# Introduction to Data Visualization with Python

## Lecture Notes and in-class exercises

Welcome to the final and **the coolest** part of this course! 😎 I'm not saying that the previous topics aren't cool. But visualizations are the bridges that can connect your data analytics skills with the outside world. You wouldn't print out a DataFrame to report your findings, would you? 

![table-form-vs-plotted](https://github.com/bdi475/images/blob/main/lecture-notes/dataviz-python/dataviz-tabular-vs-plotted-01.jpeg?raw=true)

👆 Image source: https://towardsdatascience.com/data-visualization-for-machine-learning-and-data-science-a45178970be7

### 📊 Dataviz libraries

The de-facto standard library for data visualization in introductory Data Analytics courses is [matplotlib](https://matplotlib.org/), which is a low-level visualization library for Python. [seaborn](https://seaborn.pydata.org/) is another popular library based on [matplotlib](https://matplotlib.org/). Below are some of the most popular and battle-tested data visualization libraries. All of these libraries are free and open source.

- [matplotlib](https://matplotlib.org/): Low-level visualization library for Python
- [seaborn](https://seaborn.pydata.org/): High-level visualization library for Python **based on matplotlib**
- [bokeh](https://bokeh.org/): Interactive visualizations for modern web browsers
- [plotnine](https://plotnine.readthedocs.io/): Python-version of [ggplot2](https://ggplot2.tidyverse.org/)
- [plotly](https://plotly.com/python/): Interactive visualizations - supports Python, Javascript, and R
- [altair](https://altair-viz.github.io/): Declarative visualization in Python based on [Vega](https://vega.github.io/vega/)

### Plot.ly

We'll use [plotly](https://plotly.com/python/),which provides both low-level and high-level interfaces to create publication-ready graphs.

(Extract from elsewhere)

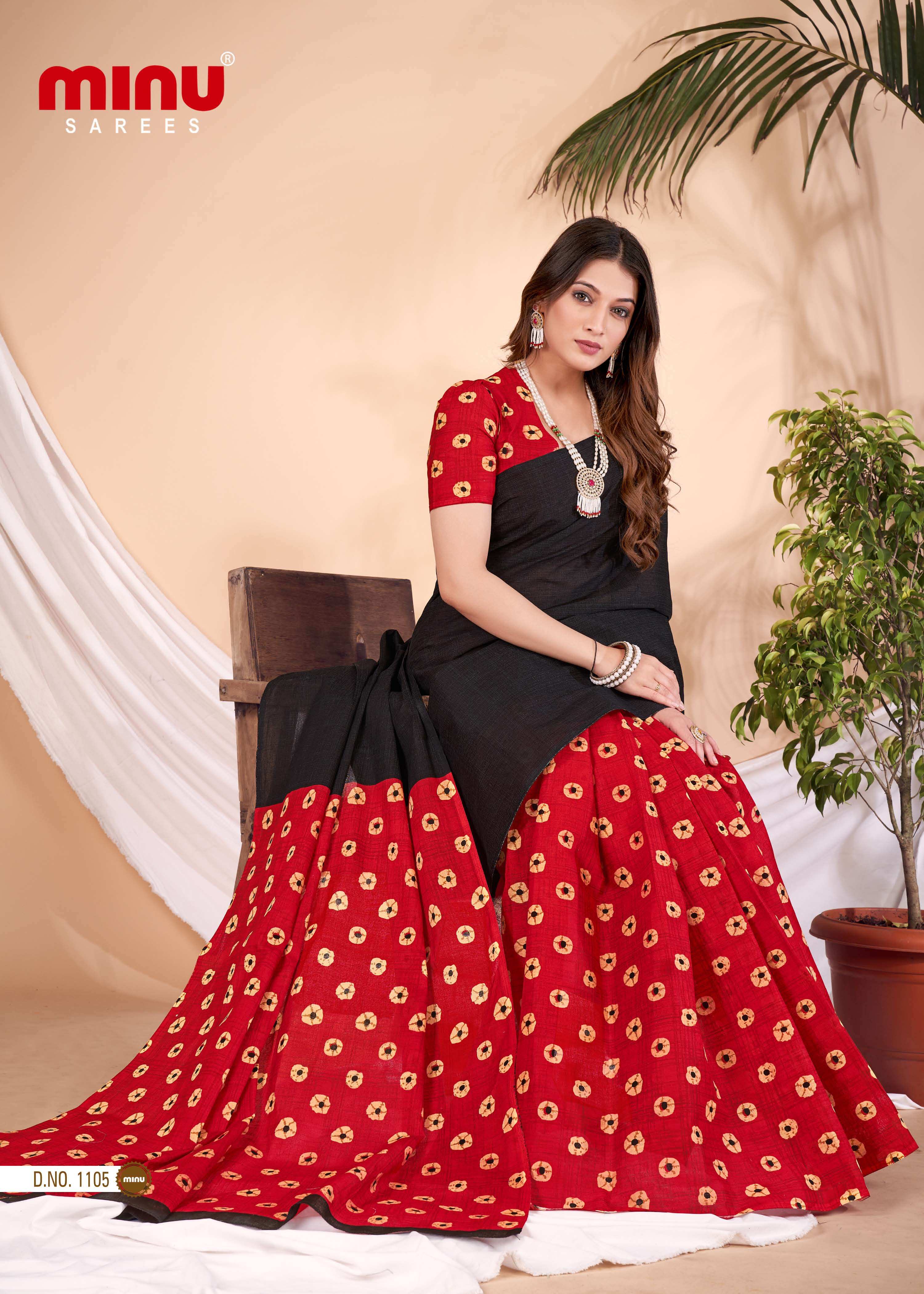 Bold and classy cotton printed saree wearing woman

![plotly logo image](https://github.com/bdi475/images/blob/main/lecture-notes/dataviz-python/plotly-logo-640px.png?raw=true)

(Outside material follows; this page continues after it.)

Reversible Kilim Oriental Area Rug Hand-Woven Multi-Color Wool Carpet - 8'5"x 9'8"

Import modules used by **🧭 Check Your Work** sections and the autograder.

In [None]:
import unittest
import base64
import plotly
tc = unittest.TestCase()

---

## ✨ Visualize your dataset

▶️ First, run the code below to ensure you're using the correct version of plotly.

---

### 🎯 Pre-exercise: Import Packages

#### 👇 Tasks

- ✔️ Import the following Python packages.
    1. `pandas`: Use alias `pd`.
    2. `numpy`: Use alias `np`.
    3. `plotly.express`: Use alias `px`.
    4. `plotly.graph_objects`: Use alias `go`.

In [None]:
# YOUR CODE BEGINS

# YOUR CODE ENDS

#### 🧭 Check your work

In [None]:
import sys
tc.assertTrue('pd' in globals(), 'Check whether you have correctly imported Pandas with an alias.')
tc.assertTrue('np' in globals(), 'Check whether you have correctly imported NumPy with an alias.')
tc.assertEqual(plotly.__version__[:2], '5.', 'Plotly version mismatch, expcted 5.x.x')
tc.assertIsNotNone(go.Figure, 'Check whether you have correctly imported plotly.graph_objects with an alias go.')
tc.assertIsNotNone(px.scatter, 'Check whether you have correctly imported plotly.express with an alias px.')

---
### 📌 Import dataset

Today, we work with an HR Dataset to uncover insights about HR metrics, measurement, and analytics. The data has been downloaded from [https://rpubs.com/rhuebner/hr_codebook_v14](https://rpubs.com/rhuebner/hr_codebook_v14) without any modification.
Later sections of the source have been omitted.